I developed a smart home device cloud service that's based on python, but while trying to integrate it with actions on google, their library for python is "Google Assistant Library for Python is deprecated as of June 28th, 2019, Use the Google Assistant Service instead."

i went to the google assistant service page and it says that python is "You can't launch commercial devices that integrate with the Google Assistant SDK. It's available for experimental and non-commercial uses only."

why is this the case? does it mean it is still in beta for them? should i not bother with python? i really would like to stick with python since I've spent a good amount of time developing on it.

1
It isn't clear what you're trying to do, exactly. Are you trying to build something like a Smart Speaker with the Assistant built in (so it has a microphone and people will talk to the Assistant through the device)? Or are you trying to build a Smart Home device and build your cloud back-end for this device in python (so you can control it through the Assistant)?Prisoner
@Prisoner, the latter. I am trying to control it through assistant, I can already do it through dialogflow but I would like to have it work with actions on google.Hyperian

1 Answers

4
votes

I think you're mixing up a few different, but related, things, some of which have similar or overlapping names. To try and clear things up:

Google Assistant SDK

The Google Assistant SDK and Google Assistant gRPC service enable you to build a device that works like a Google Home. So people would interact directly with your device and use it to control the Assistant.

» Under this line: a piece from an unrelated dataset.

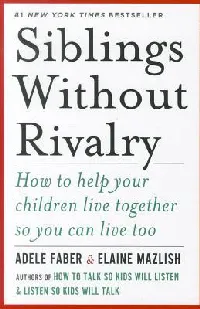 Siblings Without Rivalry: How to Help Your Children Live Together So You Can Live Too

  • There are python libraries for this because python is used by many hobbyists on their devices.
  • There used to be a more full-featured SDK (for python), but this appears to no longer be supported.
  • Even with the limited support, this is mostly for hobbyists. It sounds like most devices being made for consumers are using other platforms that require you to partner with Google directly.

Actions on Google

This is a broad term, describing ways that you can make something that people will use through the Google Assistant, via devices such as their Smart Speakers or phone.

It can very roughly be broken up into a couple of different approaches, some of which overlap:

Usually when people talk about Actions on Google, however, they're talking about one of the first two items, and often confusing the Action SDK and Dialogflow.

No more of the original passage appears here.